Verba Volant, Scripta Manent

The Hill News

Verba Volant, Scripta Manent

The Hill News

Verba Volant, Scripta Manent

The Hill News

The Hill School marks its 25th year of co-education


This year celebrates the 25th anniversary of The Hill School transforming from an all-boys school to the co-educational institution  it is today. Since this groundbreaking transition  in 1998, The Hill School has gone on to grant numerous young women and faculty members the opportunity for an elite education.   

Prior to this transformative shift, The Hill School took a firm stance to remain an all-boys school. From 1968 to 1973, significant discussion circulated about whether Hill should open its doors to young women. Yet, this extensive conversation mysteriously and abruptly ended at the end of 1973, after the resignation of Archibald Montgomery who was an active defender for coeducation. The succeeding headmaster, Charles Watson, refused to switch into coeducation. This eventually shelved the plan for another two decades.  

At the same time, however, other preparatory schools in the went coeducational. In 1987, long-time rival The Lawrenceville School began enrolling and hiring female students and teachers, prompting The Hill to reconsider the idea. Predicting a loss in status and influence accompanied by weaker applicants, The Hill School finally unshelved the plan and opened its doors to women in 1998. 

Several of today’s Hill faculty remember their time as students or faculty when the school went co-educational in the 1998–1999 school year. As the first and only female faculty member at the time in the history department, Kathryn Malone, Elizabeth B. Blossom Chair of Humanities and a graduate of Yale University’s fourth co-educational class, recalled that she was immediately drawn in by the newly established coeducation program at The Hill School.
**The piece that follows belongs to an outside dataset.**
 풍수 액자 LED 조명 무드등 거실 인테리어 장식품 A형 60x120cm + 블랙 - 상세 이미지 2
Along with Malone’s arrival on campus, her fresh experience in coeducation since her time at Yale taught her “the change and evolvement culture of coeducation at Yale.” In the past 25 years, Malone has drastically impacted the school: from coaching girls’ field hockey and lacrosse to directing Hill’s renowned Humanities program.  

“If I’d been born three years earlier, opportunities for my educational career at Hill would have been impossible. Hill has thrived to become a welcoming, inclusive family,” Malone said.  
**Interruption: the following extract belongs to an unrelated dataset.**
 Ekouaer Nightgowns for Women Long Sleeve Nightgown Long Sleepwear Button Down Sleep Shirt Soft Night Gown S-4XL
The Rev. Anne Confer Martens ’02, Chair of the Religious Studies and Philosophy Department, also arrived at The Hill in the fall of 1999, the second year of Hill’s coeducational journey. Confer Martens said that “Hill would not still be around if it hadn’t gone co-ed.” Opening the doors to countless young women, however, has Hill to provide equal resources for both students and faculty alike of both genders to pursue their passions. Confer Martens believe that The Hill community is infused with a homely and supportive atmosphere allowing each member to express themselves.  

Adversity served as a hallmark for the first women at Hill. When the Upper School dormitory, which now houses both boys and girls, used to be just a boys dorm, Malone witnessed girls walking by with timidity. Malone then argued with the board and reported that girls were estranged from the community when passing by the Upper School dorm. After many riveting disputes among the board of trustees, Hill changed Upper School from a boys dorm to the current co-ed dorm it is today. Malone claims that the change “has changed the culture of the quad evolutionarily.”  

As a graduate of Hill’s class of 1998, Confer Martens’ brother was a strong defender against co-education. Nevertheless, over time, he became Confer Martens’ greatest supporter after being told about his sister’s enrollment. 

Courtney Neese, one of the first female student on campus in 1998 and the current English Department Chair, recounts her experience at Hill as the few females as reflective.  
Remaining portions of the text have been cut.